# 98 sentra se



## im2kwik4u (Oct 10, 2002)




----------



## G_Funk013 (Jul 9, 2002)

Damn thats hot. But whats up with the tail light.


----------



## im2kwik4u (Oct 10, 2002)

what do u mean??


----------



## LIUSPEED (May 29, 2002)

i think he means why is that orange center painted silver.

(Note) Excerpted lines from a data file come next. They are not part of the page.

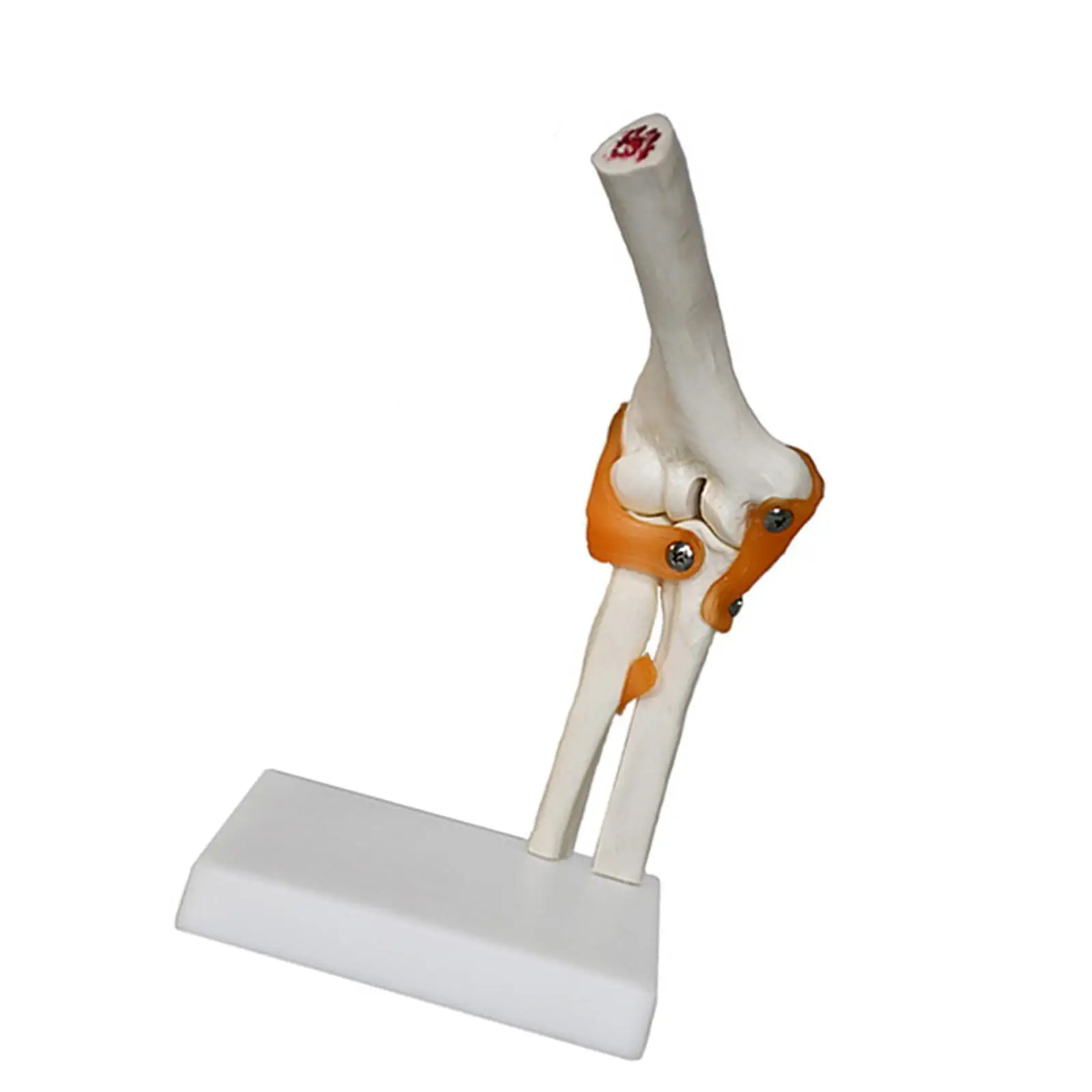 Модель локтевого сустава человека, медицинский легкий обучающий инструмент, образовательный прочный с связками, реалистичный для демонстрации исследований, науки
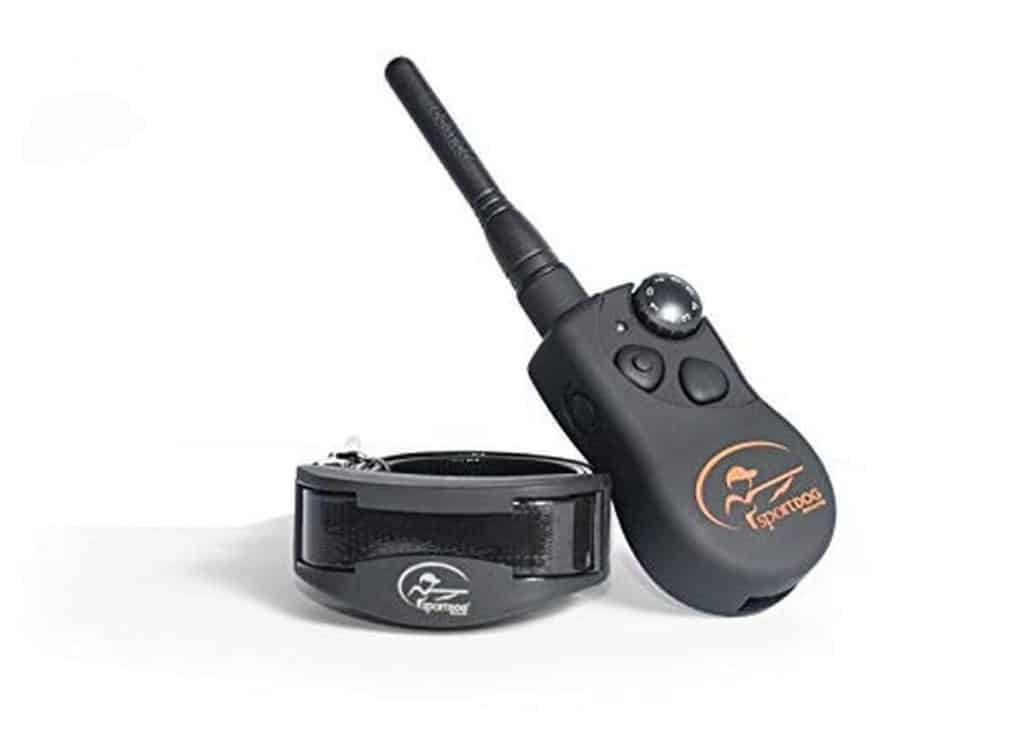 Test du collier SportDOG SportTrainer : dressage à 1200 m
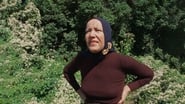 Grey Gardens wallpaper 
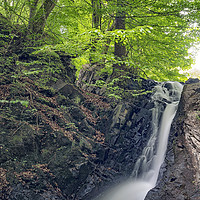 Buy canvas prints of Forsakar Waterfall in Skane by Antony McAulay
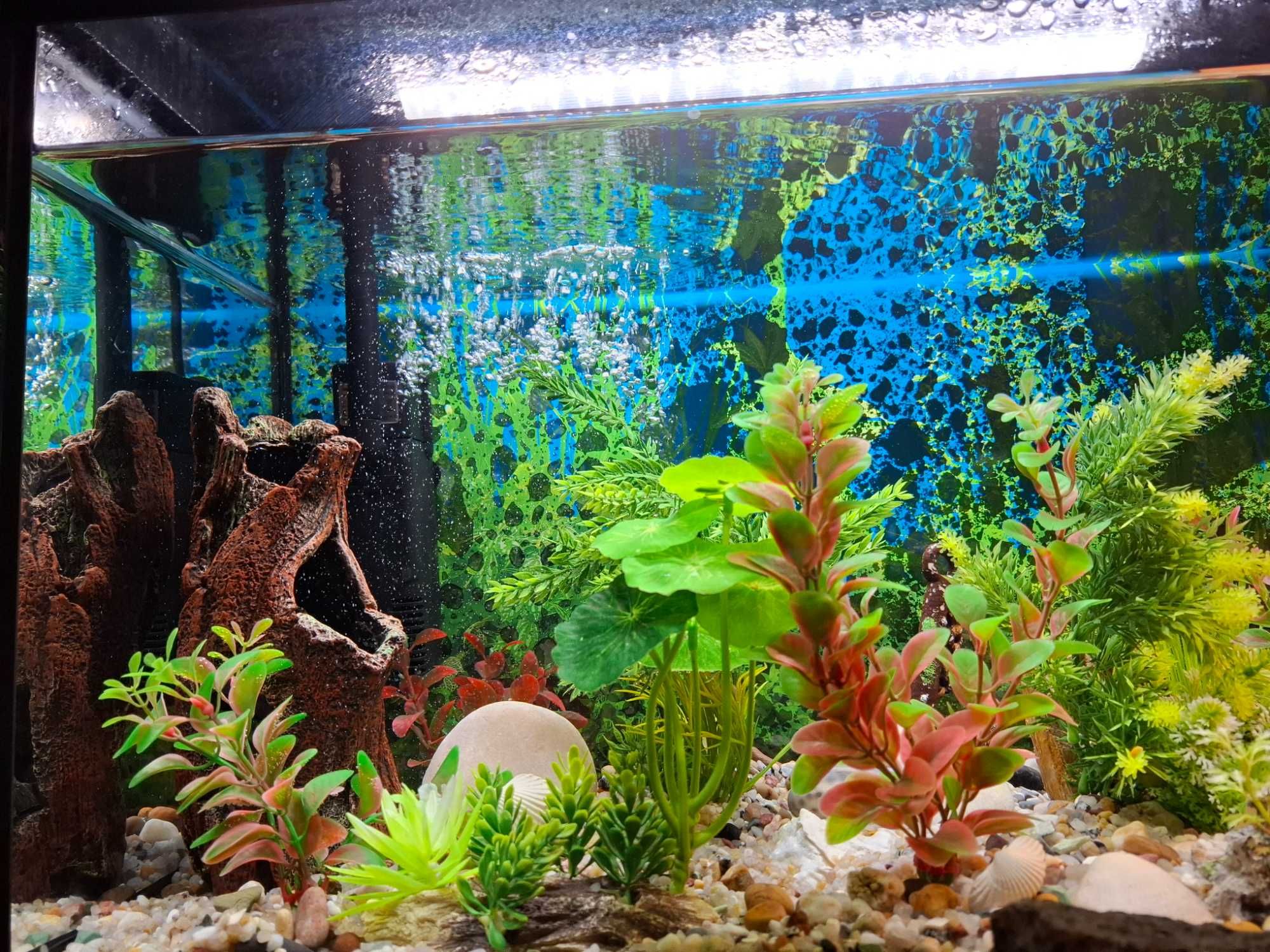 Vendo aquário com luz de 50 L impecável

hey have u ever thought of getting the crystal corners?


----------



## whiteb14 (Jul 7, 2002)

very clean! represent for the MIA


----------



## im2kwik4u (Oct 10, 2002)

Its not paint its vinyl and i wanted to go to with the 99 se-l look in the back , i tried a white strip before, but i didnt like it so i did the light silver


----------



## whiteb14 (Jul 7, 2002)

was it hard to do the vinyl for the center piece in the rear?? or did u paint it?


----------



## im2kwik4u (Oct 10, 2002)

the back part was kinda hard for my model because it has curves and we needed to put some special type of vinyl that stretches so that it can stick to the surface, but i think your model is easier because the back panel is flat. My friend at Brazil Signs did it for me for $40


----------



## im2kwik4u (Oct 10, 2002)

yo Dag, i wanted to ask u, how did u paint your corner lights to be amber??? and were did u get the paint from?


----------



## im2kwik4u (Oct 10, 2002)

i want it to look like this


----------



## NismoXR (May 1, 2002)

Clean Ride! I want JDM corners too. your car would look nice with the amber corners.


----------



## im2kwik4u (Oct 10, 2002)

Thanks dawg, i appreciate it


----------



## dry (Oct 21, 2002)

way to rep the 4 door. looking good!


----------



## whiteb14 (Jul 7, 2002)

im2kwik4u said:


> *yo Dag, i wanted to ask u, how did u paint your corner lights to be amber??? and were did u get the paint from? *



i had painted my corners w/ krylon stained glass paint. its like a light orange so u need a lot of coats. i bought the paint at michaels... its like 5 bucks a can i believe.


----------



## G_Funk013 (Jul 9, 2002)

Yeah, I meant the turn signals.

Anyway, what size rims are those and how much do you have it dropped?


----------



## Cali SE-R (Jun 13, 2003)

Wow that thing is pretty clean, keep it up!!


----------



## sethwas (Apr 30, 2002)

Ooohh,
'damn tight yo!' or whatever people say with regards to nice looking cars.
I love the green, and the rims actually work with the body style.

Seth

P.S. What neighborhood is that?


----------



## Sentrixx (Apr 30, 2002)

Very impressive. I'm digging the pinstrip too.


----------



## im2kwik4u (Oct 10, 2002)

My rims are 17" in with 205/40/17 and is lowered 2.25 in the front and 2" in the back


----------